[EXERCISE MATERIALS]
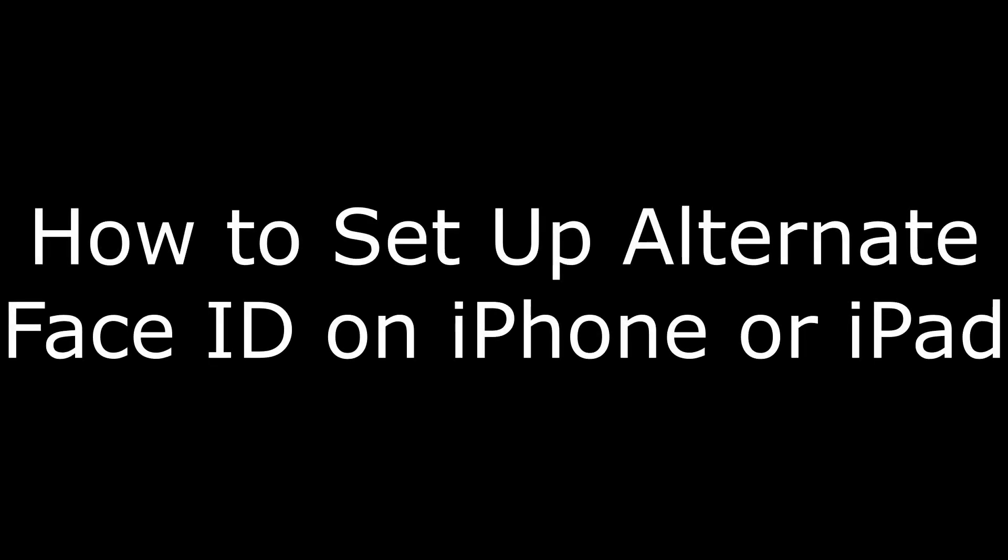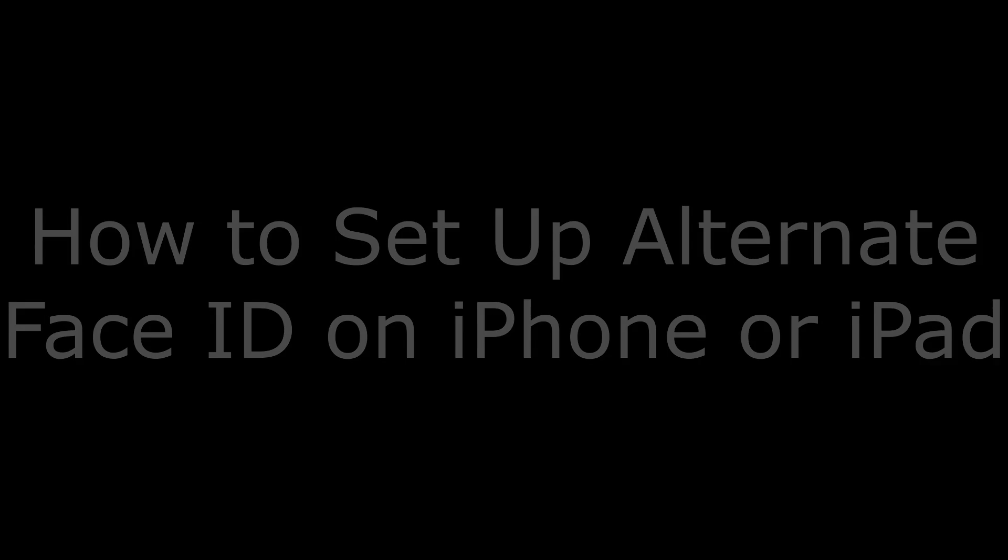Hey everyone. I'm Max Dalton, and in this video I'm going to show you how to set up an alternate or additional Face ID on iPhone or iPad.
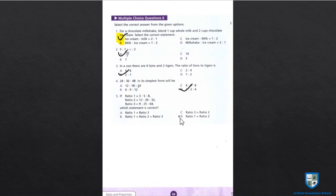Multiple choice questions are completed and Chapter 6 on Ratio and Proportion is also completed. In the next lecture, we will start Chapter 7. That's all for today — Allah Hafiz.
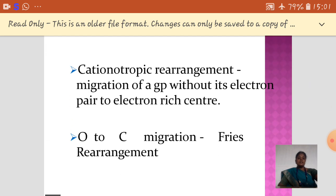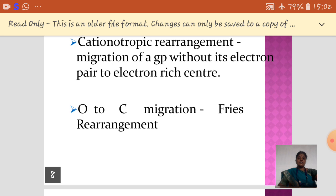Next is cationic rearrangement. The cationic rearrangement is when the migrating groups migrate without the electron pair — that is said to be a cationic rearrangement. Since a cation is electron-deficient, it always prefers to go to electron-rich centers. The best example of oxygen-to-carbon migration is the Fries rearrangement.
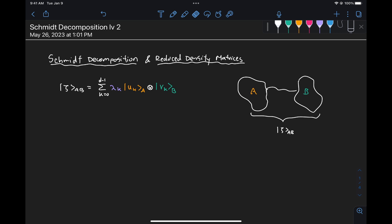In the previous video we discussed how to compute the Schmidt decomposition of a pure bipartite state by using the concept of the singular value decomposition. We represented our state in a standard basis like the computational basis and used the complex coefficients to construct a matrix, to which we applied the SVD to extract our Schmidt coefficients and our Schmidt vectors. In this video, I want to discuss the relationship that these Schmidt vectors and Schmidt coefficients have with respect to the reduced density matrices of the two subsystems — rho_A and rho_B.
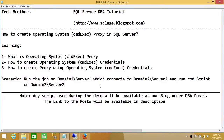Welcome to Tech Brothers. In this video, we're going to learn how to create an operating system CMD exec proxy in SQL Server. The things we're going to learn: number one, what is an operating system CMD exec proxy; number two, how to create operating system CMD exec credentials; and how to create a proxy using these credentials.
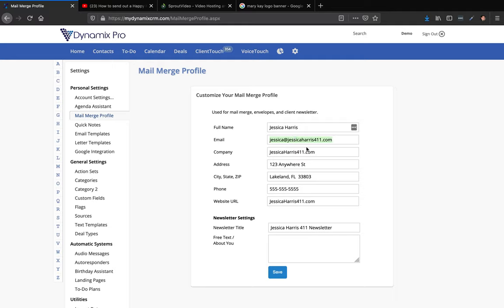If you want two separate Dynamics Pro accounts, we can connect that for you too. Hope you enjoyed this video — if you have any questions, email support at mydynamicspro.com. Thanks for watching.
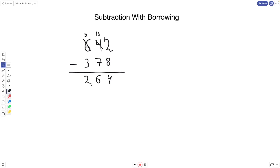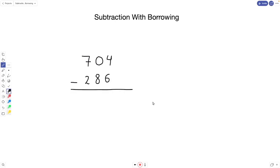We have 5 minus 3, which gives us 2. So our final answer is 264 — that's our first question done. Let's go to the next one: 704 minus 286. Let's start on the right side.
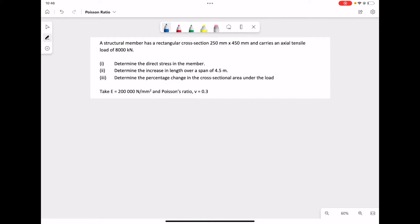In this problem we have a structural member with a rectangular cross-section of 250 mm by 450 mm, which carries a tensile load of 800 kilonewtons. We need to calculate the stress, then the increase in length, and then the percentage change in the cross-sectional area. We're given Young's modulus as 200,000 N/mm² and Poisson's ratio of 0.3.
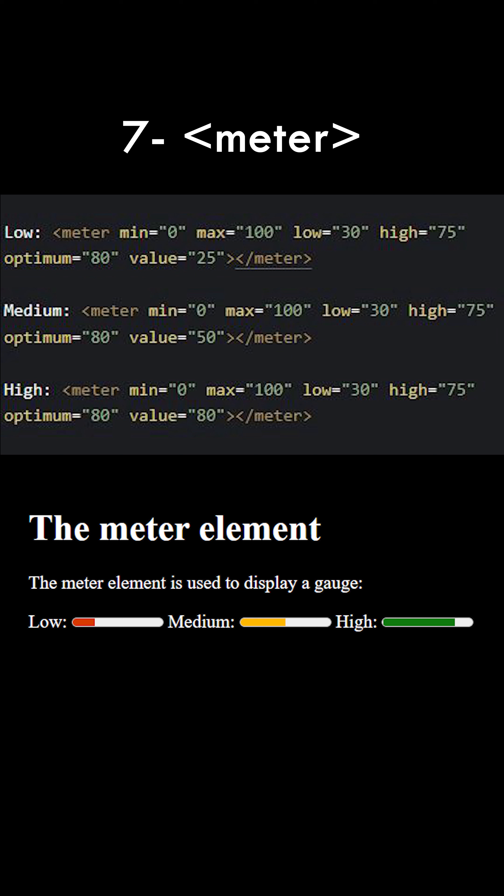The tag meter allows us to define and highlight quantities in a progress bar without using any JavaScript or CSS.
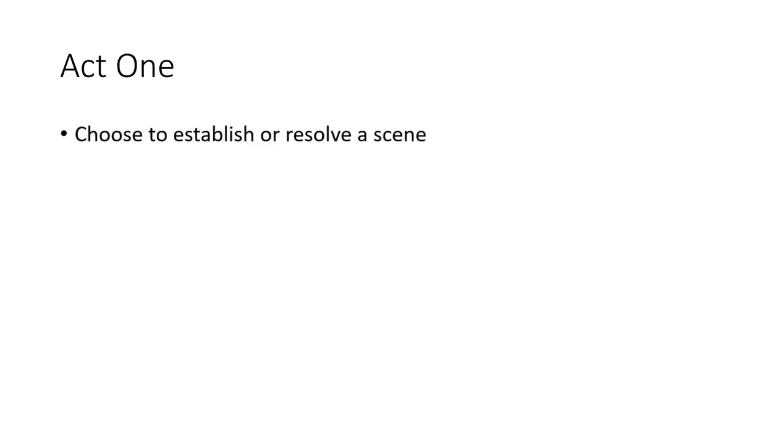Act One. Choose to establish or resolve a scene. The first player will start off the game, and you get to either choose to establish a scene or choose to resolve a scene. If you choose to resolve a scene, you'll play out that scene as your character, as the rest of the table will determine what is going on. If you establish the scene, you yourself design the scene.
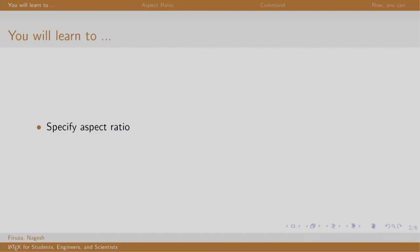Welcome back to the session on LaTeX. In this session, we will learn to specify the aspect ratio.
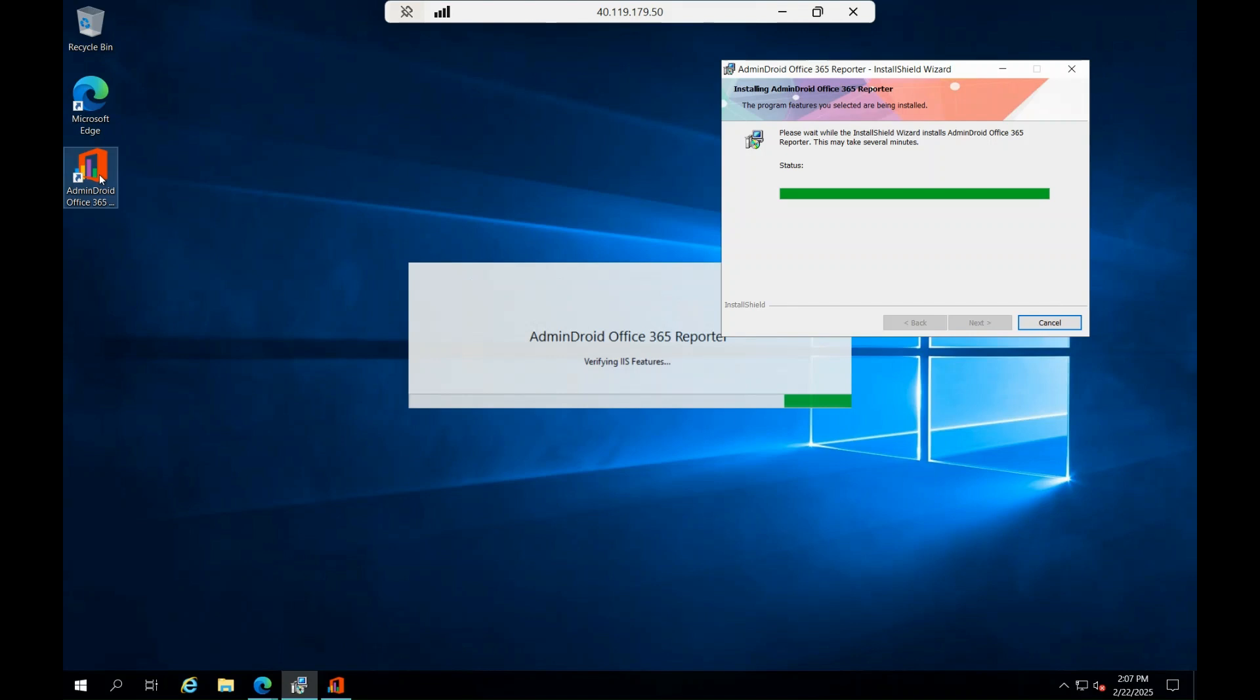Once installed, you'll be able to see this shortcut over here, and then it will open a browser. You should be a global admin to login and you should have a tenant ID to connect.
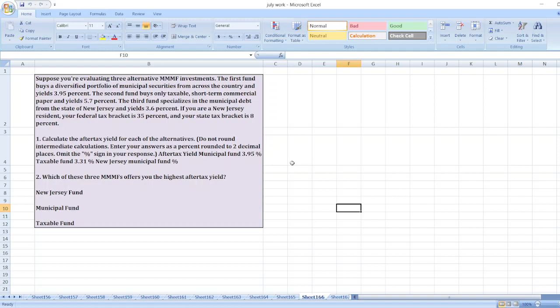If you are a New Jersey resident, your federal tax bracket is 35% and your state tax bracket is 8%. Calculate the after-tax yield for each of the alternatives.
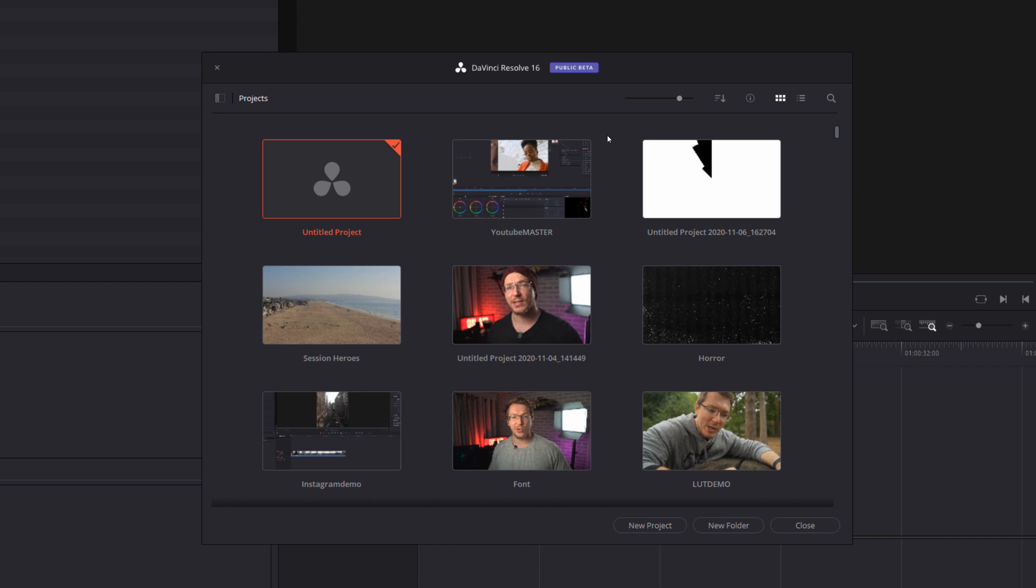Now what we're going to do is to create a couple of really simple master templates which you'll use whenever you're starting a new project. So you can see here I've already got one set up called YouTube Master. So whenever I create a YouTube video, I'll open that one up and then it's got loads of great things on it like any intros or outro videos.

[PROMPT]
Exactly the lines from the one with "Act One. Choose" to the last line of the listing are wanted, both ends included and pictures excluded.

[EXERCISE RESPONSE]
Act One. Choose to establish or resolve a scene. The first player will start off the game, and you get to either choose to establish a scene or choose to resolve a scene. If you choose to resolve a scene, you'll play out that scene as your character, as the rest of the table will determine what is going on. If you establish the scene, you yourself design the scene.
Welcome back to the session on LaTeX. In this session, we will learn to specify the aspect ratio.
Once installed, you'll be able to see this shortcut over here, and then it will open a browser. You should be a global admin to login and you should have a tenant ID to connect.
If you are a New Jersey resident, your federal tax bracket is 35% and your state tax bracket is 8%. Calculate the after-tax yield for each of the alternatives.
Now what we're going to do is to create a couple of really simple master templates which you'll use whenever you're starting a new project. So you can see here I've already got one set up called YouTube Master. So whenever I create a YouTube video, I'll open that one up and then it's got loads of great things on it like any intros or outro videos.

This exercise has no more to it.